__TASK DIRECTIONS__: For this exercise, the lines from the one with "ČAPEK; KAREL: BOŽÍ" through the final line of the data below are to be transcribed exactly, and pictures are to be skipped.

__ENTRIES SHOWN__:

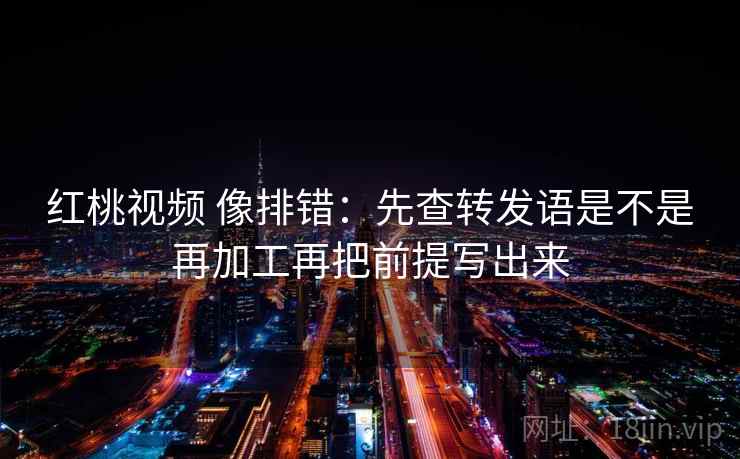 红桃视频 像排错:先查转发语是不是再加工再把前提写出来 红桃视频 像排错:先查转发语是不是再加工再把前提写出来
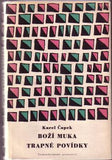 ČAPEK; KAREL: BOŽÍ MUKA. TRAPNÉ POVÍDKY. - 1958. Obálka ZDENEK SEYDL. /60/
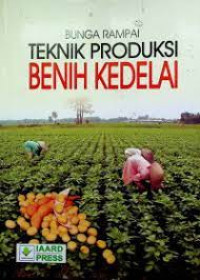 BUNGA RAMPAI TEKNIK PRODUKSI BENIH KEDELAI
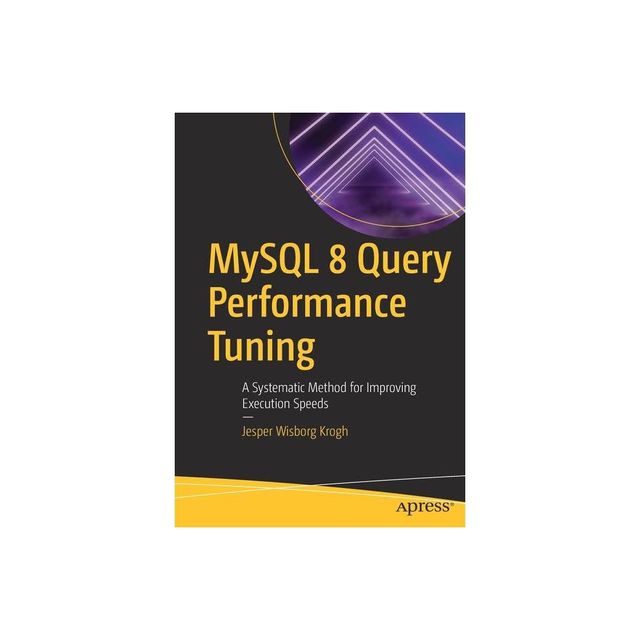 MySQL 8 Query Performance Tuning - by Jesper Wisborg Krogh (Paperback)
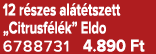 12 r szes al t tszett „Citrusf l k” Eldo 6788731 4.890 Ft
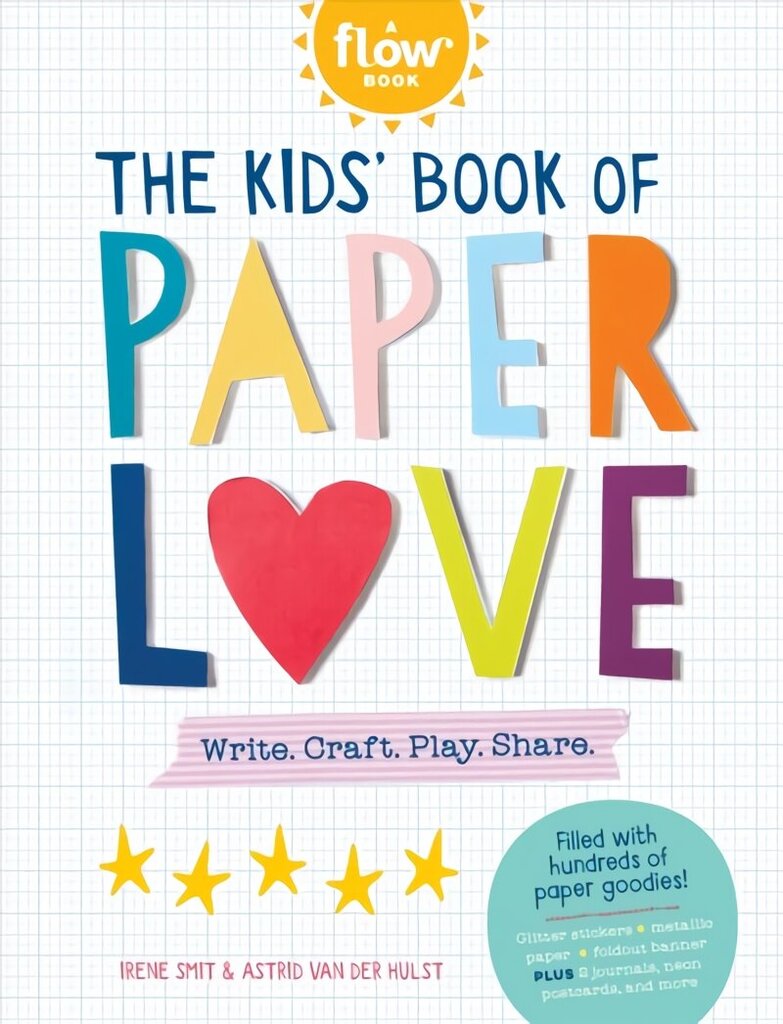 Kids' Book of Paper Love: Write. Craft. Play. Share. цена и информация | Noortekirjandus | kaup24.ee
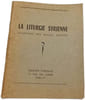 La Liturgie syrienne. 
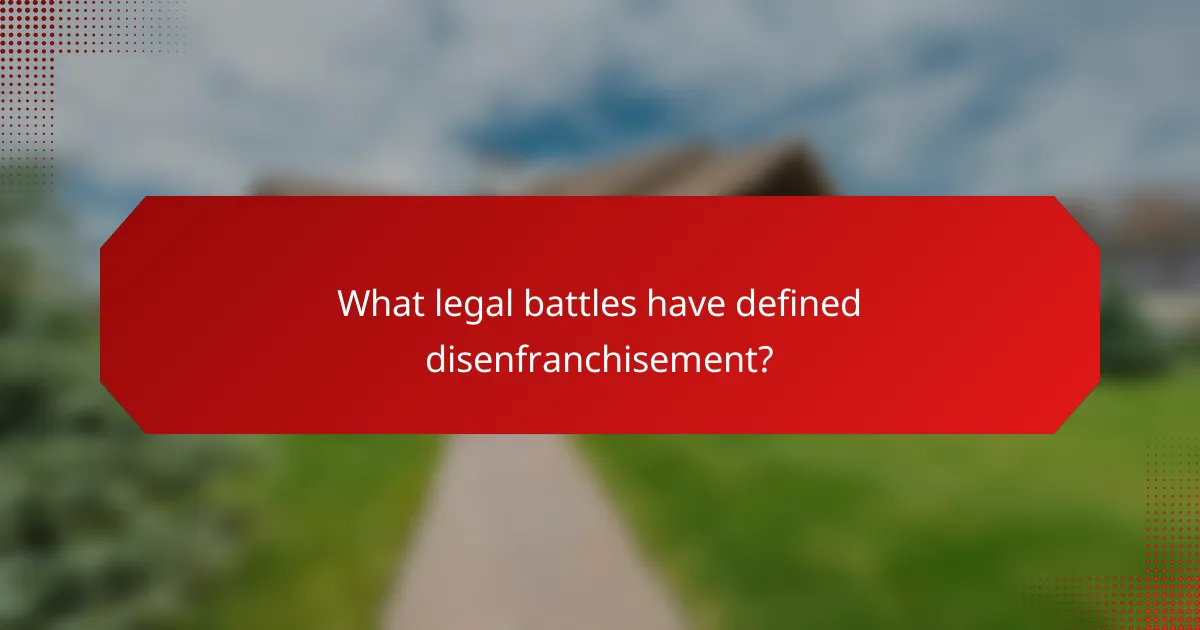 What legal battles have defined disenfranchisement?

__ANSWER BELOW__:
 ČAPEK; KAREL: BOŽÍ MUKA. TRAPNÉ POVÍDKY. - 1958. Obálka ZDENEK SEYDL. /60/
 BUNGA RAMPAI TEKNIK PRODUKSI BENIH KEDELAI
 MySQL 8 Query Performance Tuning - by Jesper Wisborg Krogh (Paperback)
 12 r szes al t tszett „Citrusf l k” Eldo 6788731 4.890 Ft
 Kids' Book of Paper Love: Write. Craft. Play. Share. цена и информация | Noortekirjandus | kaup24.ee
 La Liturgie syrienne. 
 What legal battles have defined disenfranchisement?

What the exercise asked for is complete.